TAYLOR, Texas (AP) _ Pastel-colored walls adorned with cartoon characters, porcelain instead of metal toilets in cells and other upgrades have softened the inside of a former prison where dozens of immigrant children and their families are detained.
U.S. Immigration and Customs Enforcement officials who conducted a media tour Tuesday at the T. Don Hutto Family Residential Center in Taylor say the facility has become more family friendly thanks to more than 100 modifications. The changes were required under a settlement reached in a lawsuit alleging children were held in prison-like conditions.

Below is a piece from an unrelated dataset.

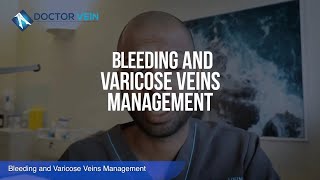 What to do when varicose veins bleed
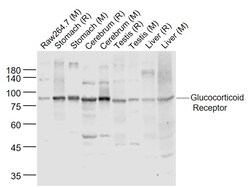 Glucocorticoid Receptor beta Polyclonal Antibody, Bioss 100 &mu;L | Buy Online | Bioss | Fisher Scientific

Children now receive night lights, sneakers and colorful T-shirts with Superman and other characters on them when they arrive at Hutto. A teleconference room for immigration hearings has a large mural of the Rugrats and the large brick walls leading into the sleeping area _ former prison pods _ are painted in muted tones and feature Tinkerbell.

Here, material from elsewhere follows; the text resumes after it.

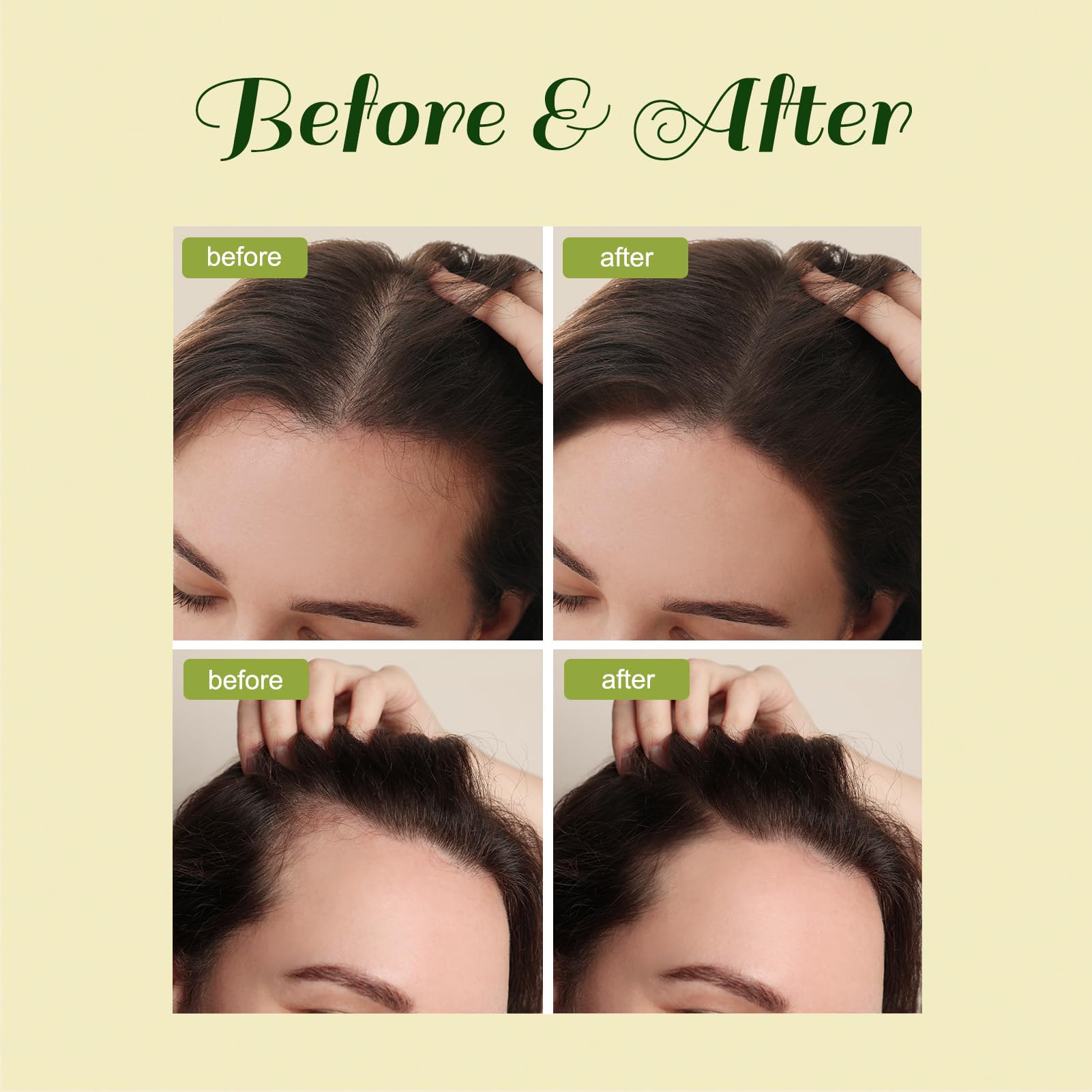 FEIBTH Natural Hair Growth Oil scalp-application scene shows quick massage for hydration.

The facility's health care staff has expanded to 35 and contracts outside when more specialized services are needed. The cafeteria now offers a main menu and a hot bar to provide more variety of foods. Children _ currently from 2 months old to teenagers _ now go on field trips. Past visits outside of Hutto have included a museum in Austin, the zoo and the Dairy Queen.
ICE officials say the changes would have been implemented even without the lawsuit, and added that they continue to discuss more improvements to the facility where families live in small cells furnished with bunkbeds, a toilet and sink.

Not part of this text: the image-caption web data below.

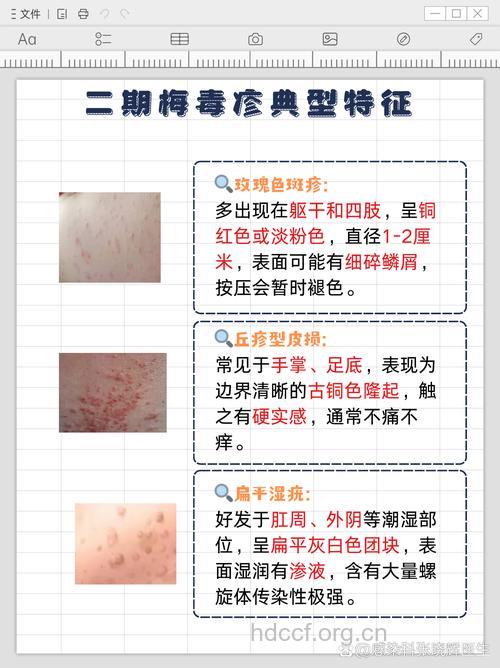 如何鉴别二期梅毒？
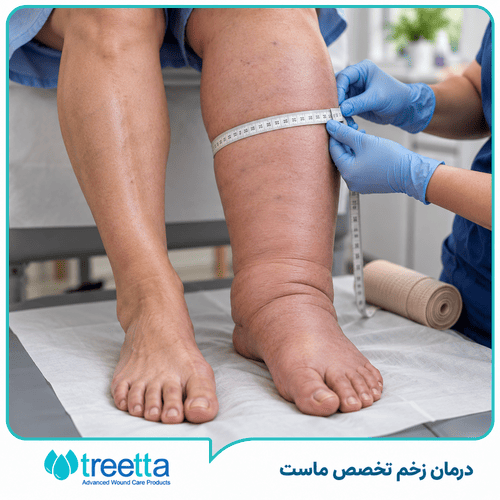 لنف ادم چیست؟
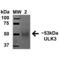 Unc-51 Like Kinase 3 antibody, SPC-642D-P594, StressMarq, Western Blot image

"Everything that was included in that settlement was either done prior to the settlement, in progress during the settlement or contemplated prior to the settlement," said Gary Mead, ICE's acting director for detention and removal.
Advocates disagree and contend that public awareness, a report last year detailing conditions at Hutto and the lawsuit spurred ICE to action.
"It is true that some of the changes were made before the settlement … but they certainly were not in effect at the time we made our report," said Michelle Brane, director of the detention and asylum program at the Women's Commission for Refugee Women and Children. "They were very clear that they thought it was an appropriate place to hold families."
When the facility first opened nearly two years ago, advocates say uniformed, handcuff-toting correctional officers called "counselors" threatened children with separation from their families. Children received only one hour of classroom instruction a day, lost weight and had limited access to health care, attorneys alleged.
ICE officials have denied that guards used threats or that healthcare was limited. The agency did say that the school day has been significantly expanded since Hutto opened.
A federal judge approved the lawsuit settlement in August. It called for changes including installation of privacy curtains around toilets in the cells, a full-time pediatrician and elimination of a counting system that required families to be in their cells for hours a day.
Those changes have been made, and a federal magistrate also continues to periodically review conditions at Hutto. During a previous visit, the magistrate asked for improvments to an area set aside for detainees to meet with their attorneys. The section now has a large play area in the middle. It's surrounded by meeting booths that have privacy curtains and noise control. Advocates had previously complained that asylum seekers detained at Hutto had little privacy and couldn't shield their children from hearing them describe details of past abuse, torture or other violence to their attorneys.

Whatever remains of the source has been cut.